Below are records with pictures in them. Output exactly the lines from the one with "Aythya affinis, McNary" through the one with "Johnsons - Nasturtium", both included, and leave every picture out; give only those lines.

— Task material —
------------------------------------

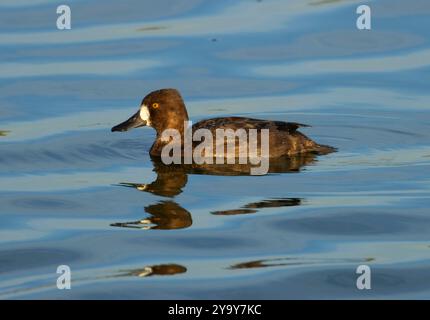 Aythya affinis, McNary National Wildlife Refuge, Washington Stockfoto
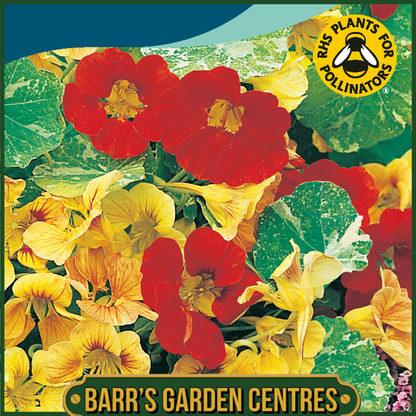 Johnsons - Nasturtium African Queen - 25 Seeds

------------------------------------

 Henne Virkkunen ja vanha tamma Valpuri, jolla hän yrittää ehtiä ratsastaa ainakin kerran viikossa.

------------------------------------

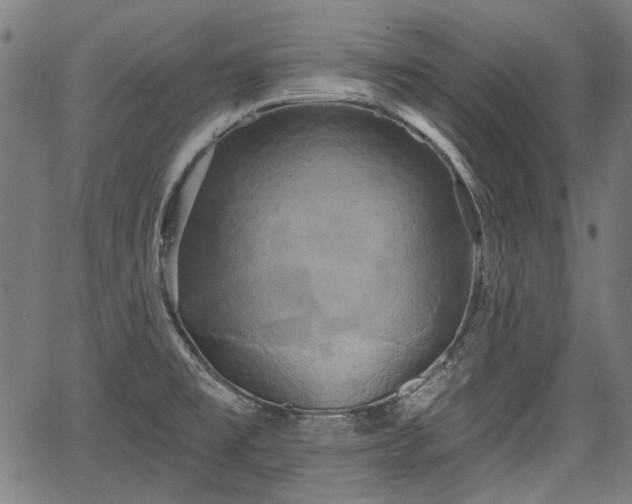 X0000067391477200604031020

------------------------------------

— Exercise response —
 Aythya affinis, McNary National Wildlife Refuge, Washington Stockfoto
 Johnsons - Nasturtium African Queen - 25 Seeds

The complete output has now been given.